■ EXERCISE AIM ■
Nothing but the pictures should be dropped when the records are transcribed word for word.

[Stored data]
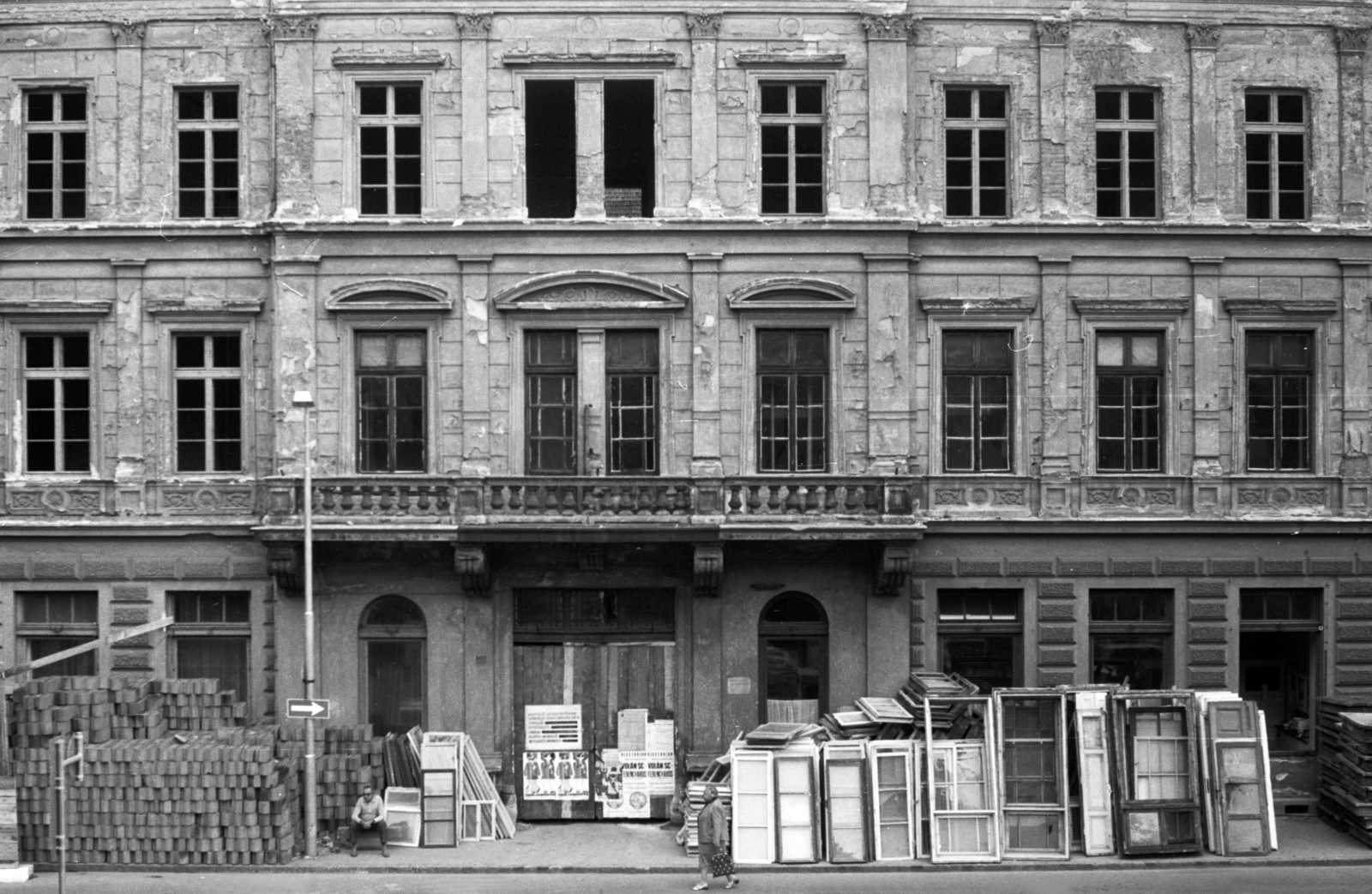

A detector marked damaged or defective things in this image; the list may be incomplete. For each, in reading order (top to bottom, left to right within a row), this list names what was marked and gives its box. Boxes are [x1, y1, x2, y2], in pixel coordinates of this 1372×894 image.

broken window [24, 88, 87, 219]
broken window [177, 87, 242, 218]
broken window [357, 83, 420, 216]
broken window [521, 80, 655, 219]
broken window [761, 83, 827, 216]
broken window [947, 87, 1008, 218]
broken window [1091, 88, 1159, 219]
broken window [1242, 90, 1310, 221]
broken window [22, 333, 91, 473]
broken window [174, 333, 244, 473]
broken window [353, 331, 424, 473]
broken window [755, 329, 830, 473]
broken window [947, 331, 1008, 473]
broken window [1091, 331, 1159, 470]
broken window [1242, 331, 1310, 470]
broken window [16, 593, 99, 675]
broken window [172, 590, 252, 699]
broken window [933, 586, 1015, 689]
broken window [1091, 590, 1173, 686]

■ SOLUTION FOR THIS TASK ■
A detector marked damaged or defective things in this image; the list may be incomplete. For each, in reading order (top to bottom, left to right within a row), this list names what was marked and gives its box. Boxes are [x1, y1, x2, y2], in pixel coordinates of this 1372×894 image.

broken window [24, 88, 87, 219]
broken window [177, 87, 242, 218]
broken window [357, 83, 420, 216]
broken window [521, 80, 655, 219]
broken window [761, 83, 827, 216]
broken window [947, 87, 1008, 218]
broken window [1091, 88, 1159, 219]
broken window [1242, 90, 1310, 221]
broken window [22, 333, 91, 473]
broken window [174, 333, 244, 473]
broken window [353, 331, 424, 473]
broken window [755, 329, 830, 473]
broken window [947, 331, 1008, 473]
broken window [1091, 331, 1159, 470]
broken window [1242, 331, 1310, 470]
broken window [16, 593, 99, 675]
broken window [172, 590, 252, 699]
broken window [933, 586, 1015, 689]
broken window [1091, 590, 1173, 686]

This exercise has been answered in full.